Executive multi-metric compensation schemes that combine earnings with stock returns and other (non-earnings) targets foster executive multi-optimization efforts and mitigate manipulative earnings management incentives. This is the main finding of a new paper written by Francesca Franco of the Bocconi Department of Accounting and Oktay Urcan of the University of Illinois at Urbana-Champaign that has been recently featured on the CLS Blue Sky Blog on Corporate Governance, the blog on corporations and the capital markets of the prestigious Columbia Law School.

The paper examines how different approaches to designing performance-based schemes that grant equity to executives can affect their incentives. The different schemes usually blend earnings (e.g., EPS, net income, etc.) metrics with stock returns and other non-financial targets (e.g., sales growth and ROI) and take two typical functional forms.

In "summative" schemes, the final payout from the agreement is the weighted sum of the payouts gained on the various metrics within the formula. These schemes can still give executives the incentive to prioritize the achievement of a sub-set of the targets, typically the ones that are easier to manipulate or achieve. In "binding" schemes, on the other hand, no partial payout is granted unless specific binding metrics (often referred to as "circuit breakers") hit or beat their threshold performance. In the case of systems that combine earnings with non-earnings binding metrics, the achievement of non-earnings strategic targets therefore acts as a pre-condition for the grant to vest on earnings metrics. Since the grant will be payable only if earnings targets and non-earnings binding conditions are met, these schemes are expected to reduce executive focus on earnings manipulation.



Professors Franco and Urcan investigate which performance-based executive compensation arrangements can help achieve better corporate results, using a large sample of executive performance equity grants paid to 6,947 executives in 841 S&P 1500 firms between 2006 and 2019. The authors find that earnings-based grants give executives the incentives to manipulate financial numbers, since meeting or exceeding the earnings targets triggers at least part of the expected payouts. However, schemes that condition the grant on the contemporaneous achievement of earnings and non-earnings targets mitigate executive earnings management and aggressive reporting incentives.

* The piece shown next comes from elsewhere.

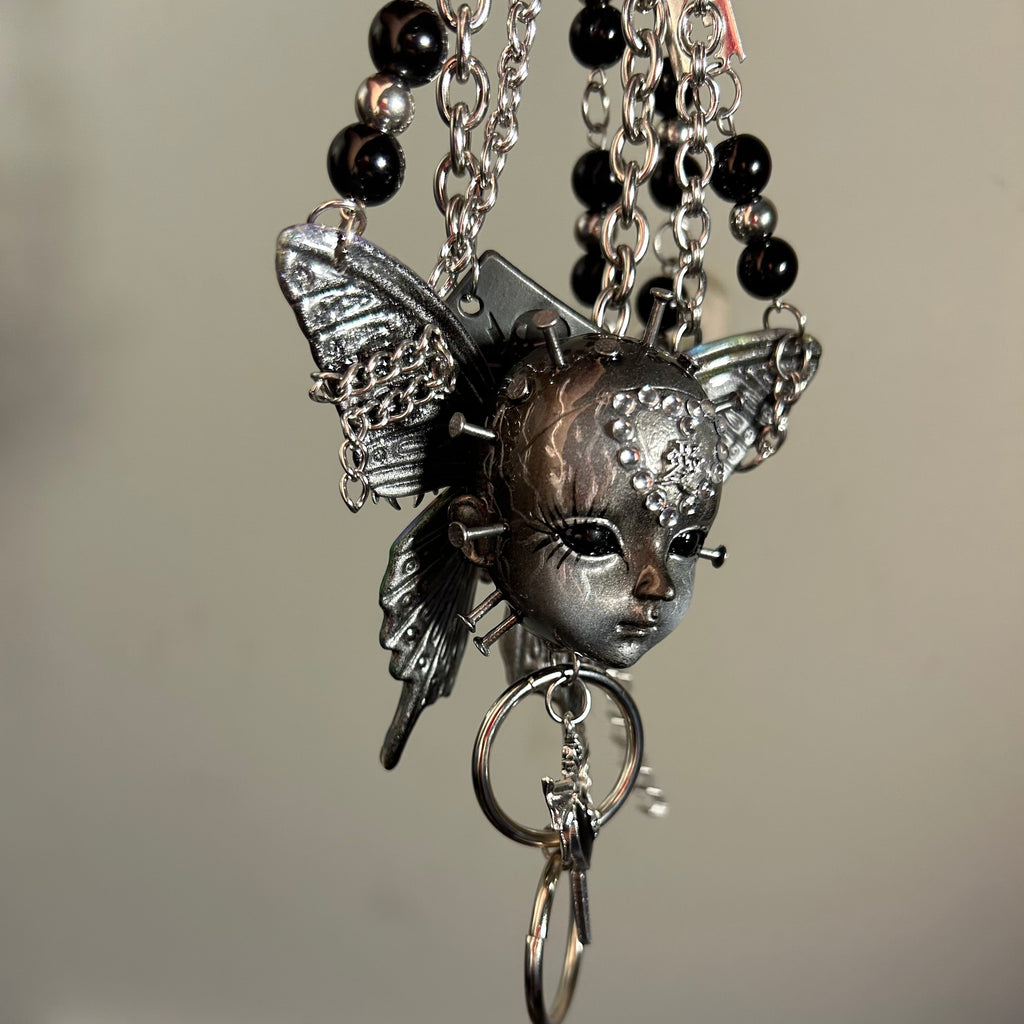 Silver Metallic Butterfly Doll Face Necklace with Rhinestone Heart & Winged Skull Charm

"Our results indicate that schemes that condition earnings-based grants to non-earnings binding targets provide executives with much lower incentives to misreport. This discovery carries significant implications on two fronts. First, it implies that binding schemes can potentially mitigate executive tendencies towards earnings management. Second, it suggests that the complexity introduced by these performance-based schemes stimulates multi-dimensional optimization. Executives are given the incentives to excel across diverse financial and non-financial domains."

Francesca Franco, Oktay Urcan, "Multi-Metric Vesting Schemes in Executive Performance Equity Grants", working paper.